To maximise the computational performance of the estimation/prediction process, a custom Python program implementing the NumPy 1.19.5 library [10] was used. Since all calculations were carried out on a high-performance server, the NumPy library was also used to set the array indexing and order, which further improved the computing time compared to a native Python application. Each element of \(\widehat{\mathbf{t}}\) was assessed for significance (\({\mathrm{H}}_{0}:{\widehat{\mathrm{t}}}_{\mathrm{i}}\le 0\) vs. \({\mathrm{H}}_{1}:{\widehat{\mathrm{t}}}_{\mathrm{i}}>0\)) by calculating the probability of obtaining a more extreme value from the \(\mathrm{N}\left(0,{\upsigma }_{\mathrm{t}}^{2}\right)\) density function. Since NumPy and SciPy application programming interfaces (API) are implemented with LAPACK and BLAS, which require Fortran memory layout, all input matrices were transformed to Fortran to avoid costly transposing. In comparison to a fixed matrix input, this approach results in a ten times faster estimation process.

Results and discussion

The effects of 179 KEGG pathways were estimated based on the effects of selected SNPs from a whole-genome sequence-based GWAS of Bouwman et al. [4], separately for three Nordic cattle breeds—Danish Holstein (DH with 366,877 SNPs), Danish Red Dairy Cattle (DR with 299,723 SNPs), and Finnish Red Dairy Cattle (FR with 396,224 SNPs) (Fig. 1). In DH and FR, the same pathway—D-amino acid metabolism (map00473) revealed a significant effect on stature with moderate P-values of 0.035 (FR) and 0.049 (DH). In DR, it also reached a borderline significance of 0.133. Depending on the breed, the effect of map00473 was estimated based on 78 SNPs in DH and FR, and 76 SNPs in DR (Fig. 2 and Additional file 1: Tables S1 and S2). The differences in SNP counts resulted from the fact that the input SNP panel in Bouwman et al. [4] was pre-processed separately for each breed, which resulted in breed-specific SNP exclusion. In addition, the pathway responsible for the metabolism of terpenoids and polyketides (map01059) was significant (P = 0.041) in DH, while the synthesis and degradation of ketone bodies pathway (map00072) and the pathway of biosynthesis of various plant secondary metabolites (map00999) were significant in DR with P = 0.037 and P = 0.047, respectively.

Fig. 1
figure 1

SNP significance from the whole-genome sequencing study of Bouwman et al. [2]. Blue dots correspond to SNPs in genes used for the estimation of the effects of KEGG pathways in model (1), green dots correspond to SNPs marking genes constituting the map00473 pathway, and grey SNPs are the remainder

Fig. 2
figure 2

Estimated effects of SNPs marking genes from the map00473 pathway

The idea to incorporate pathway effects directly into a mixed GWAS-based model of complex phenotypes dates back to 2014 and was presented by Evangelou et al. [11] who proposed two models and corresponding estimators of their effects. A difference between the models presented in [11] and our model is the use of measured phenotypes as a dependent variable in their case vs SNP summary statistics as a dependent variable in our case. Moreover, Evangelou et al. [11] defined no covariance between pathways, but allowed pathway-specific variances, while in our model we used a non-diagonal covariance.

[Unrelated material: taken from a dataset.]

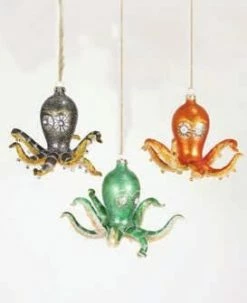 The Holiday Barn Christmas Kitsch Octopus Ornaments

When interpreting the effects of KEGG pathways, two scenarios emerge. On the one hand, the overall strong effect of a pathway may be driven by the strong effect of a single gene, that is this pathway’s component—a situation that could have been detected in a conventional GWAS. On the other hand, the strong effect of a pathway may be due to the combined effects of many genes constituting this pathway—a situation that may easily be missed in GWAS due to the small or moderate effects of particular genes from the pathway. In the case of our data—none of the genes that harbour the most significant SNPs in the GWAS performed by Bouwman et al. [4] were a component of the D-amino acid metabolism pathway, which therefore leads to the conclusion that the whole pathway is a significant component of the genetic determination of stature. Biologically, an outstanding pattern of our study was that the pathway associated with the metabolism of D-amino acids is significant for two breeds and on the border of claimed significance in the third breed. Although D-amino acids do not occur in naturally-translated proteins, the link between D-amino acids metabolism and growth has long been recognised. Experimentally, a supplementation of mice with D-amino acids resulted in increased weight that was observed with an increased concentration of D-phenylalanine and D-tryptophan in the diet [12]. Moreover, D'Aniello [13] reported that, in the pituitary gland, D-aspartic acid stimulates the secretion of the growth hormone in rats. In cattle, a supplementation of food with synthetic amino acids is a very common practice with commercial diet supplements containing a mixture of naturally occurring L-versions as well as not naturally occurring D-versions. Campbell et al. [14] observed that D-amino acids are somewhat less efficiently metabolised than their naturally occurring synonyms. Since methionine is often the first limiting amino acid for growth in cattle [15], individuals that possess a more efficient mechanism of D-amino acid metabolism are expected to grow better, which may result in higher stature in adults.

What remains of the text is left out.